Терзаемая агонией после побоев Сен-Арно, Элоди цеплялась за милый сердцу образ, и он единственный помог ей выбраться из кромешной тьмы беспамятства. Страстное желание воссоединиться с сыном не позволяло провалиться в бездну отчаяния, придавало терпения и мужества во время длительного выздоровления и утомительных часов за рукоделием, когда каждая законченная вышивка добавляла еще одну монету к сумме, необходимой, чтобы вернуться в Париж.
Рисуя в воображении их встречу, Элоди не сомневалась, что Филиппу будет достаточно лишь раз взглянуть, и он тут же ее узнает и очень обрадуется. Бросится к ней в объятия, повторяя: «Maman! Maman!» [19] – и она с плачем прижмет его к себе. Вместо этого он позвал Мари, сжал ее руку, спрятал голову у нее на плече. Но ведь Филипп всего лишь маленький мальчик, и Элоди не было с ним целых полтора года. Какой же она была глупой, ожидая, что он до сих пор помнит ее. И что, ради всего святого, ей теперь делать?
19
Мама! Мама! (фр.)
Элоди понимала: хотя насторожила лакея и няню, сменив одежду и манеру поведения, она снова сумеет подобраться к сыну, даже проникнет в дом, если понадобится. Она всегда представляла, как возьмет его на руки и предложит тихонько поиграть в прятки, а потом выкрадет его.
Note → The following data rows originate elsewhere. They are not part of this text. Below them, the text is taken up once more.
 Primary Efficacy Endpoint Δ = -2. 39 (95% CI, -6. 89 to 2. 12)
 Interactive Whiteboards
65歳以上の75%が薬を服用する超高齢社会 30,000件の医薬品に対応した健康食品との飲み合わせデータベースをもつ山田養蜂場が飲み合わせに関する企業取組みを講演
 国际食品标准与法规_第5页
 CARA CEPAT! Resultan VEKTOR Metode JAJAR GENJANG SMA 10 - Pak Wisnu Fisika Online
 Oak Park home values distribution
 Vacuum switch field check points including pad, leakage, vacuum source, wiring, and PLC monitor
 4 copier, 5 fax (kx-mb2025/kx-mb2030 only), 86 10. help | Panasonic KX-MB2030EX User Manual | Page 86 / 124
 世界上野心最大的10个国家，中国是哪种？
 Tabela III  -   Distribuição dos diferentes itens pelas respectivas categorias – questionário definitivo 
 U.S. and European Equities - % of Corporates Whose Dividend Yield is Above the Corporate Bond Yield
Это невозможно, если мальчик будет вырываться и плакать.
Элоди не смогла бы так поступить с ним, даже если бы он не плакал. Ей вовсе не по душе идея вырвать сына из привычной обстановки, где ему хорошо и спокойно, и увезти прочь, одинокого и напуганного. Но и оставить все как есть она тоже не могла.